Electricity service is, by its nature a highly capital intensive and a politically constrained enterprise. It involves more than 3,000 companies; is owned by investors, municipalities, cooperatives, and federal agencies; and, is regulated by state and federal authorities whose jurisdictions overlap. Beginning with the Public Utility Regulatory Policy Act of 1978 and accelerating with the Energy Policy Act of 1992, orders to deregulate the electricity enterprise led to the partial dismantling of the institutional structure for the electricity sector. That structure has not been replaced by an alternative with coherent institutions and rules. As a consequence, elements of the diverse electricity sector are in crisis, and the effects have been spreading. The investor-owned utilities are operating under inconsistent and conflicting regulations.
Market reforms, however well intentioned, have shown mixed success and have resulted in rules that differ from state to state and, in many cases, from utility to utility within a state. Order 888, issued by the Federal Energy Regulatory Commission in 2000, required open access for all transactions on interstate transmission circuits. Federal open access orders, however, have not given clear direction for how open competition is to be implemented. Changing environmental policies have added to the uncertainty in the electricity sector, even though many proposals were intended to reduce uncertainty.

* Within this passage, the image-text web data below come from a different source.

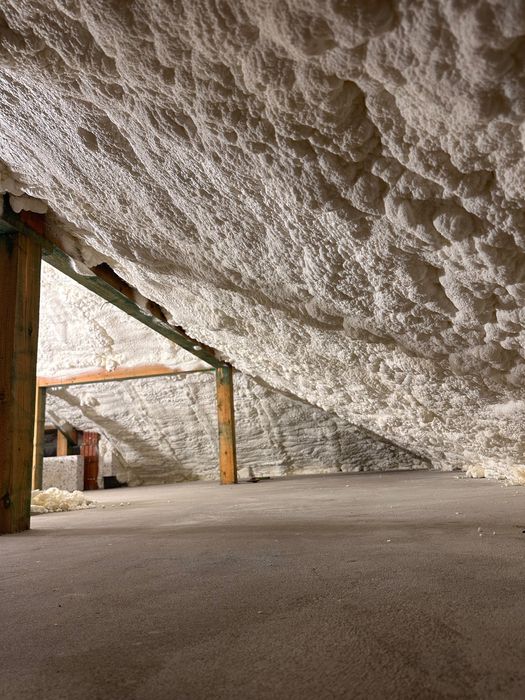 Izolacja natryskowa pianą PUR – ocieplenie poddaszy, dachów, budynków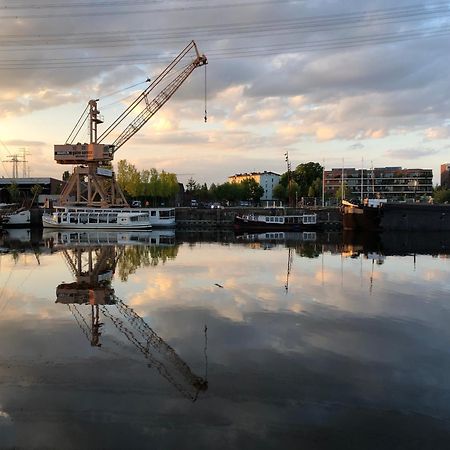 Schiffshotel "Schlafen Im Hafen" Hamburg Zewnętrze zdjęcie
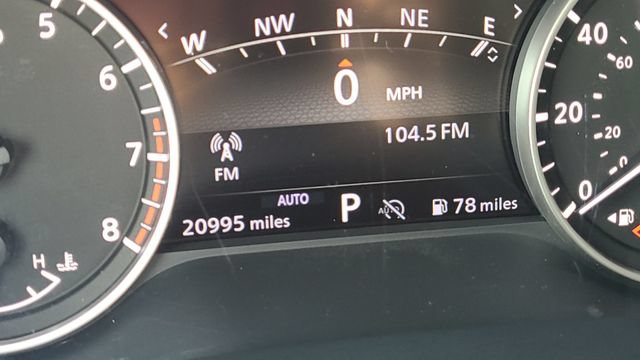 Used 2025 Nissan Pathfinder SL AWD/4WD image 15
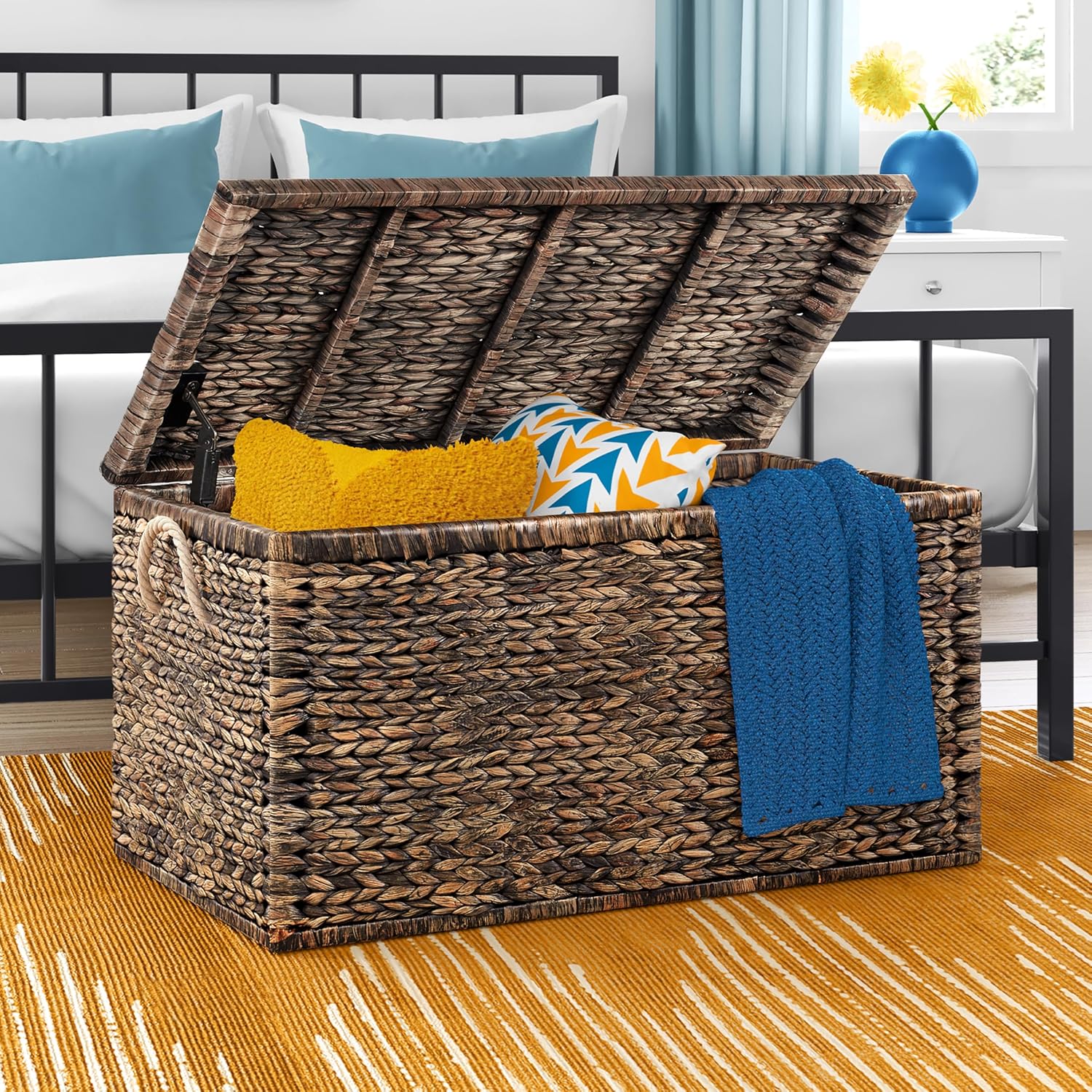 Click365 Wicker Storage Trunk with Lid, 33 Inch Extra Large Woven Storage Chest with Handles and Safety Hinges, Farmhouse Blanket Basket for Bedroom, Living Room or Entryway, Rustic Brown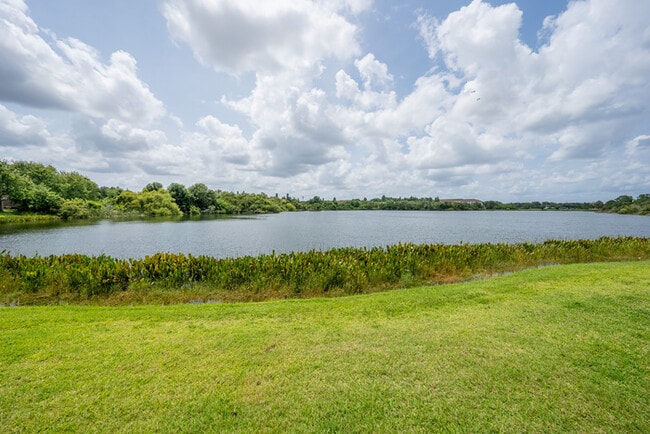 Building Photo - Town Home For Rent in Lake Brandon!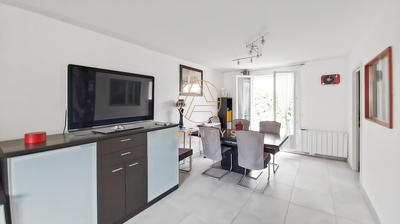 Maison - 175 m² - 8 pièces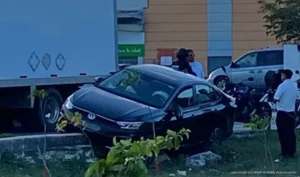 Conductor termina sobre camellón tras perder el control en Cancún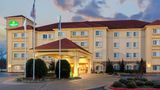 La Quinta Inn & Suites Stillwater Exterior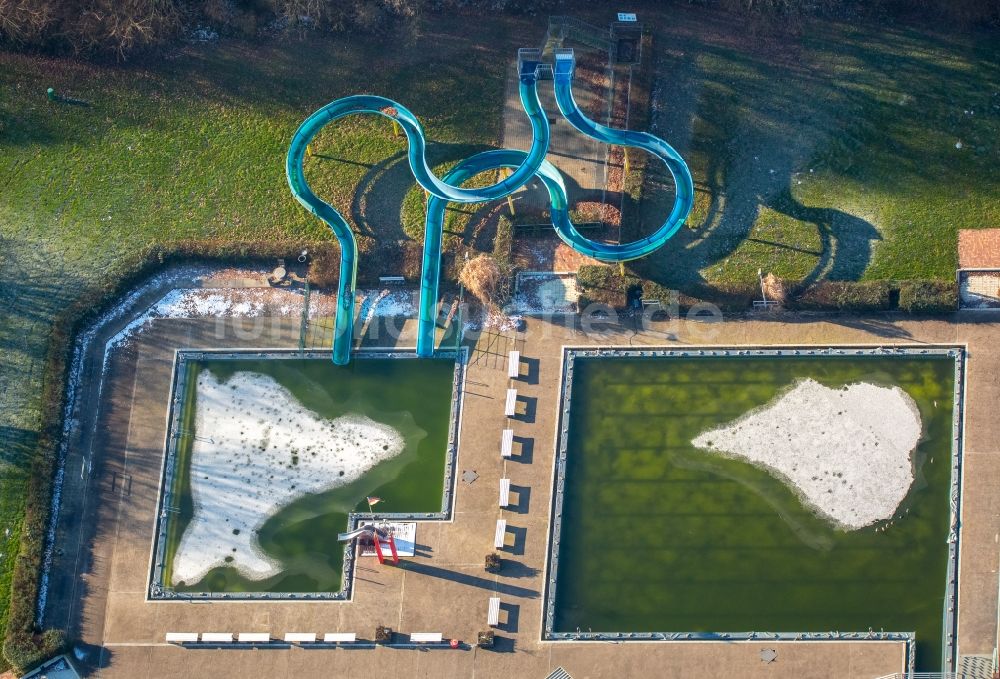 Hamm von oben - Schwimmbecken des Freibades Süd in Hamm im Bundesland Nordrhein-Westfalen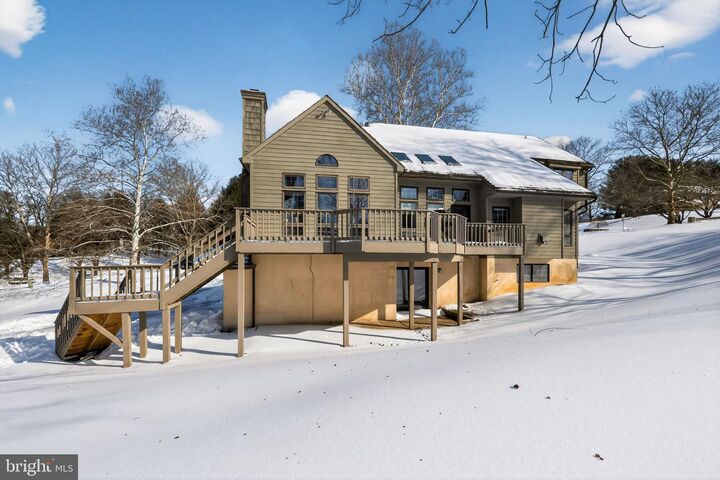 Property Photo:  203 Barn Hill Road  PA 19382 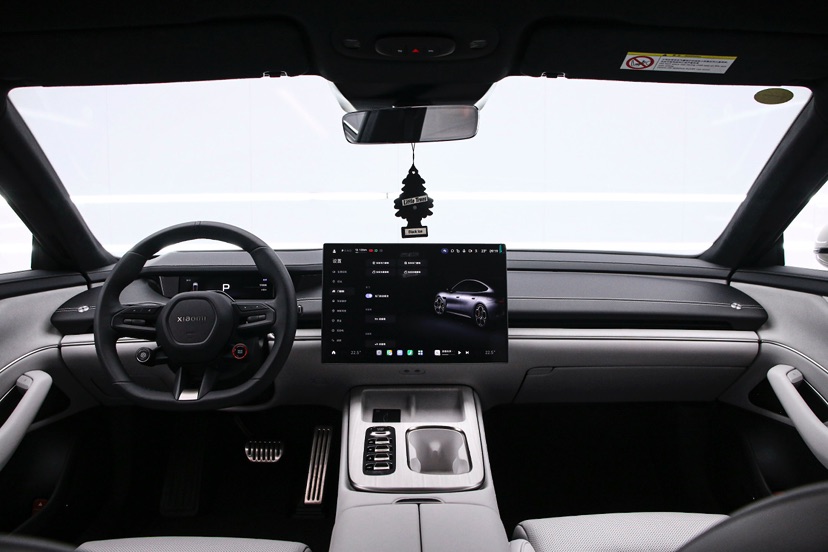 MI SU7 2025 immagine di auto #5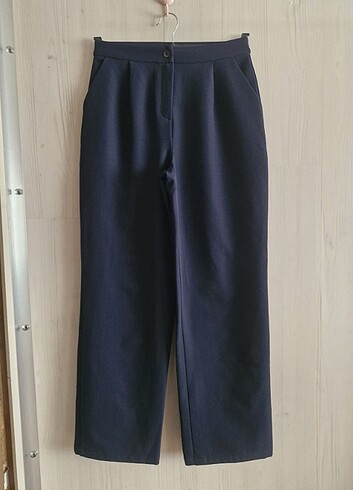Trendyolmilla lacivert kumaş pantolon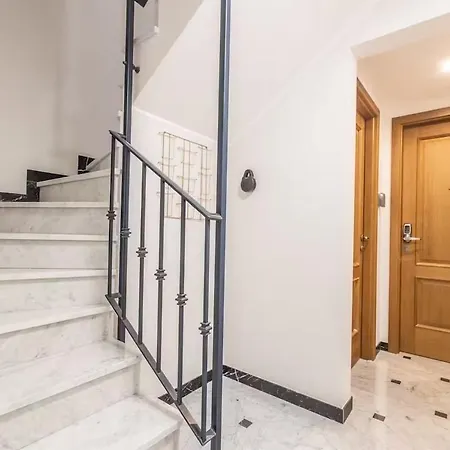 Saint-tropez - Centre-ville - Et Confortable Apartamento *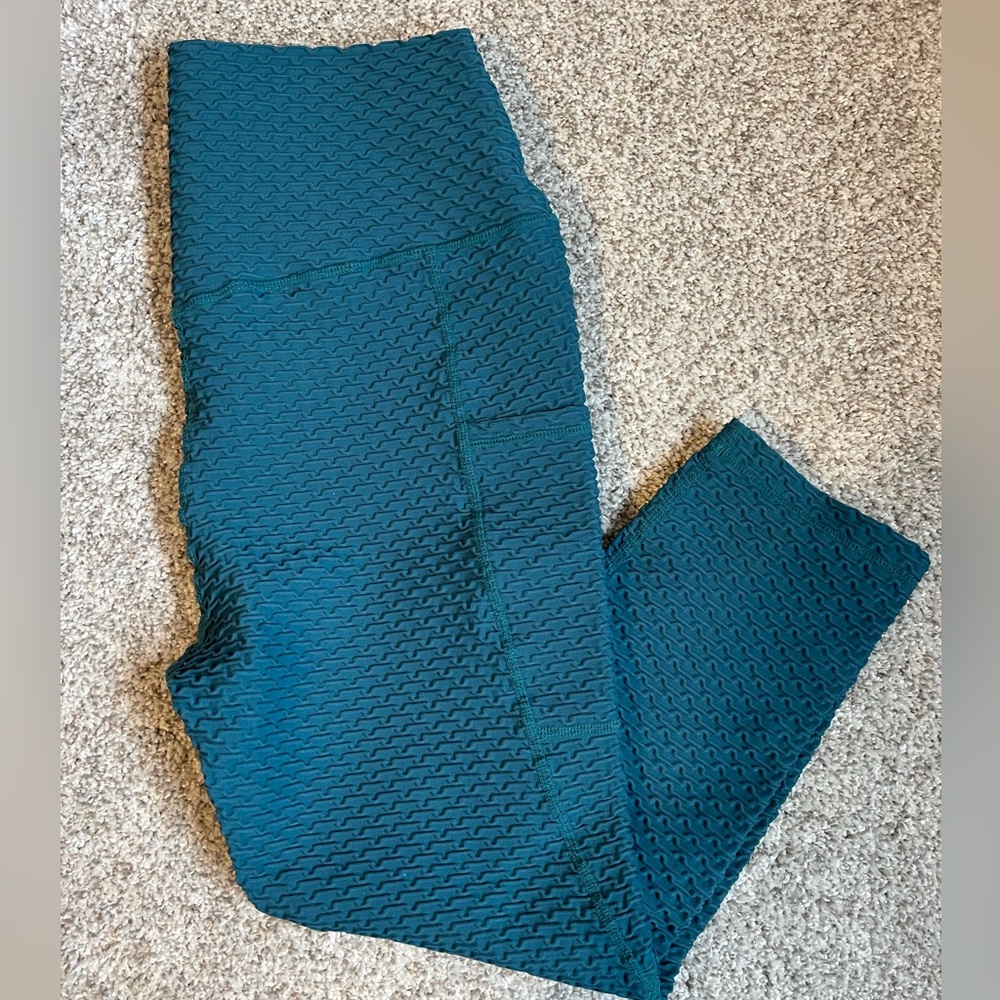 Constantly Varied Gear CVG Armor Capris - MEDIUM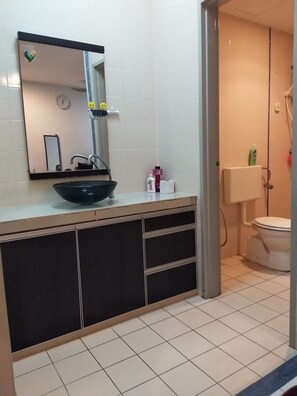 Family Apartment, 1 Bedroom | Bathroom | Shower, free toiletries, shampoo - The Domain Cyberjaya (Cyberjaya)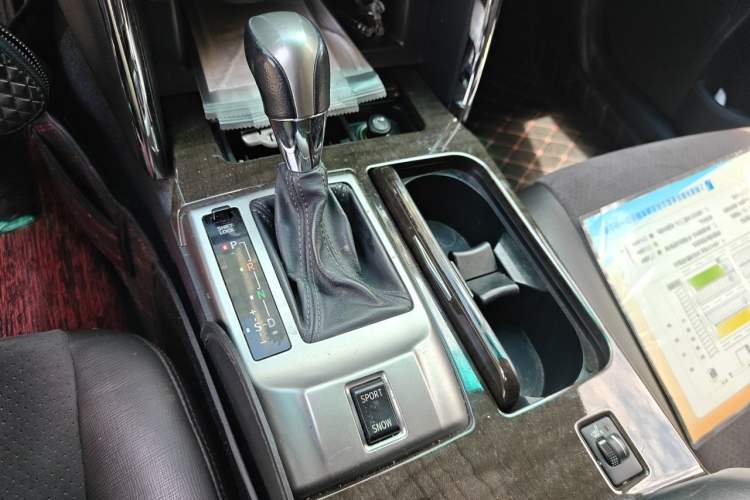 Used Toyota Reiz 2013 2.5V Shangrui Edition Gear Lever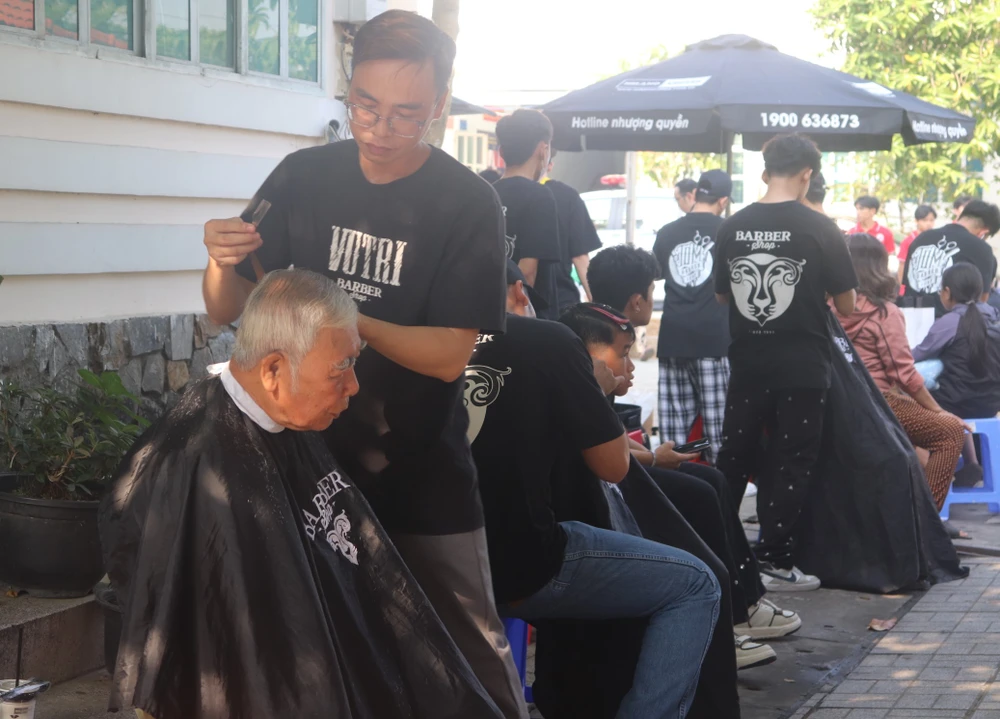 cat toc mien phi-4.JPG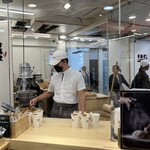 幸福堂 西門町全球旗艦店 - バーナーで炙ってる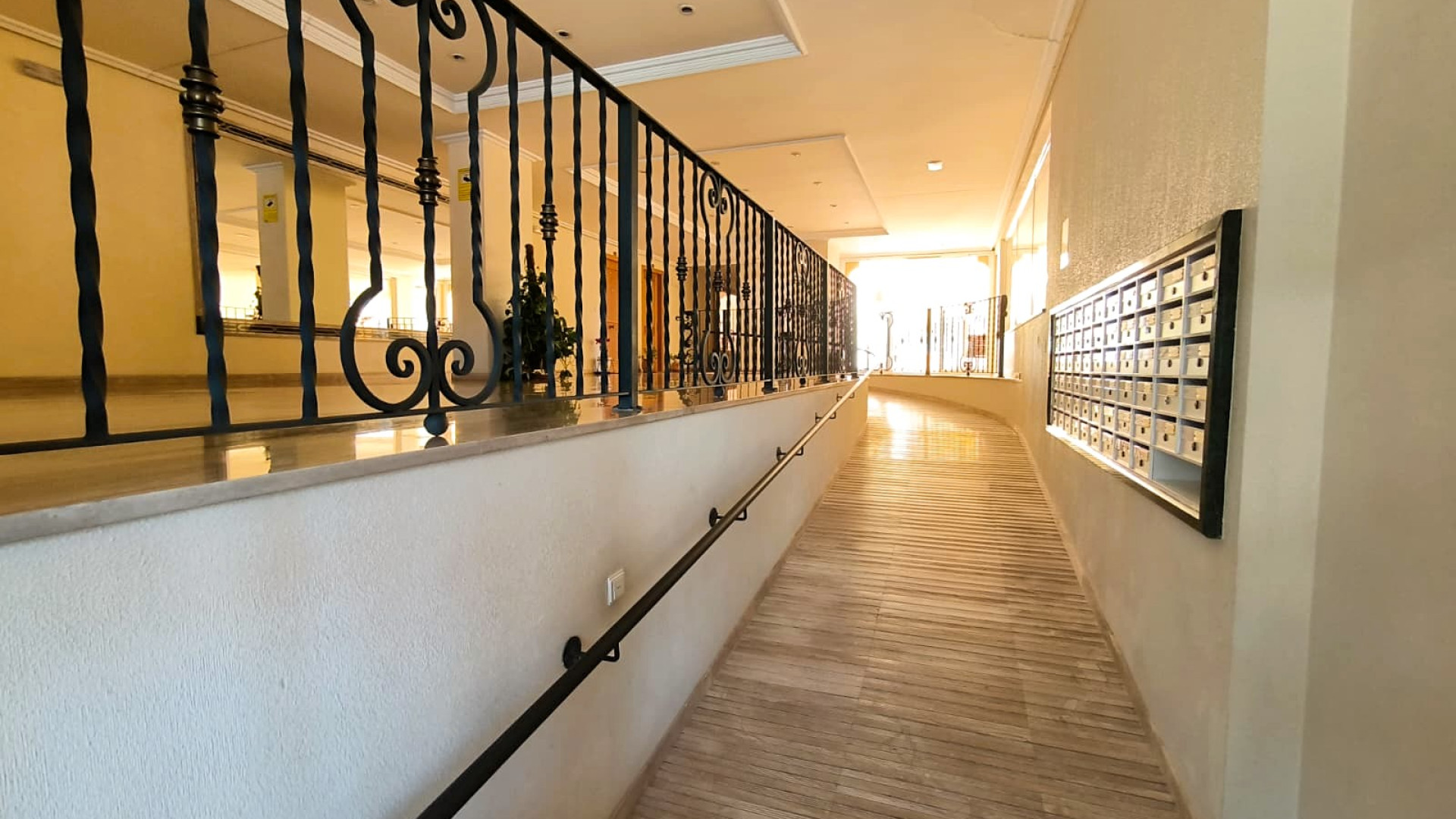 Sprzedaż - Apartment - Almoradi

Any one of these problems might have been manageable. But the concurrent convergence of several independent difficulties has caused serious turmoil in the business aspects of the electricity sector. Increasingly, wholesale markets are thwarted by the inability of the aging US power delivery system to support transactions. Further expansion of retail deregulation has essentially come to a stop. Credit markets have shut out nearly all of the high risk energy trading companies, whose business has turned from boom to bust over the past several years. Other industry members have seen their credit ratings drop, and financing costs for the industry have risen dramatically. Those strains on business have affected any number of stakeholders in the electricity sector; they are unable to plan, unwilling to invest, and stalemated in their attempts to devise a way out of the current dilemma.